• Exercise goal: Make an exact copy of the data below, leaving out every picture.

Provided data section start

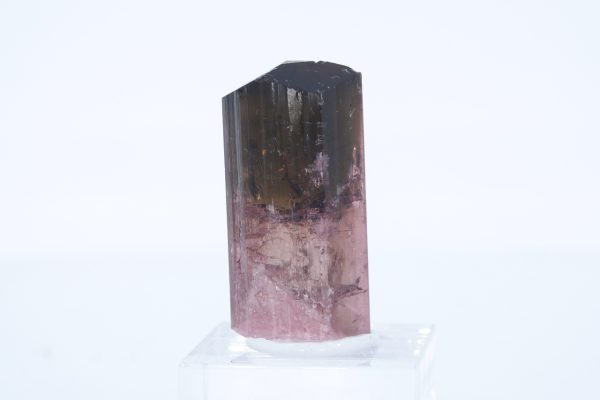 Elbaite - Image 4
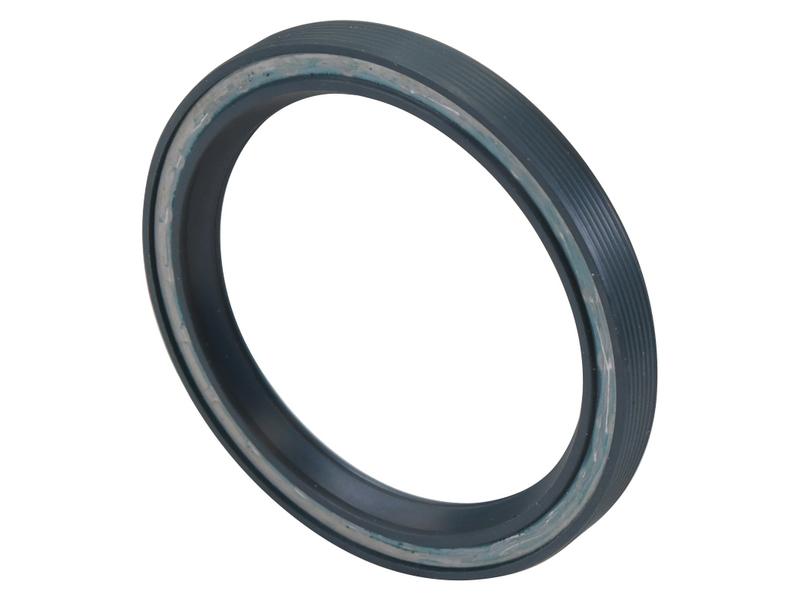 Sparex Oil Seal, 76 x 95 x 10mm | S.171709 - Product Image 1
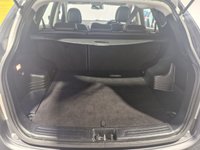 USED 2014 14 HYUNDAI IX35 1.7 CRDi SE SUV 5dr Diesel Manual Euro 5 (s/s) (115 ps) Great Service History-2 Keys-Climate Control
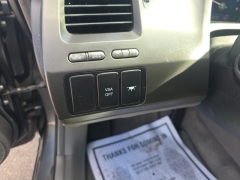 Used 2011 Honda Civic Sedan 4d EX-L at A+ Autobrokers near Mt. Vernon, OH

Provided data section end

• Response to the task:
 Elbaite - Image 4
 Sparex Oil Seal, 76 x 95 x 10mm | S.171709 - Product Image 1
 USED 2014 14 HYUNDAI IX35 1.7 CRDi SE SUV 5dr Diesel Manual Euro 5 (s/s) (115 ps) Great Service History-2 Keys-Climate Control
 Used 2011 Honda Civic Sedan 4d EX-L at A+ Autobrokers near Mt. Vernon, OH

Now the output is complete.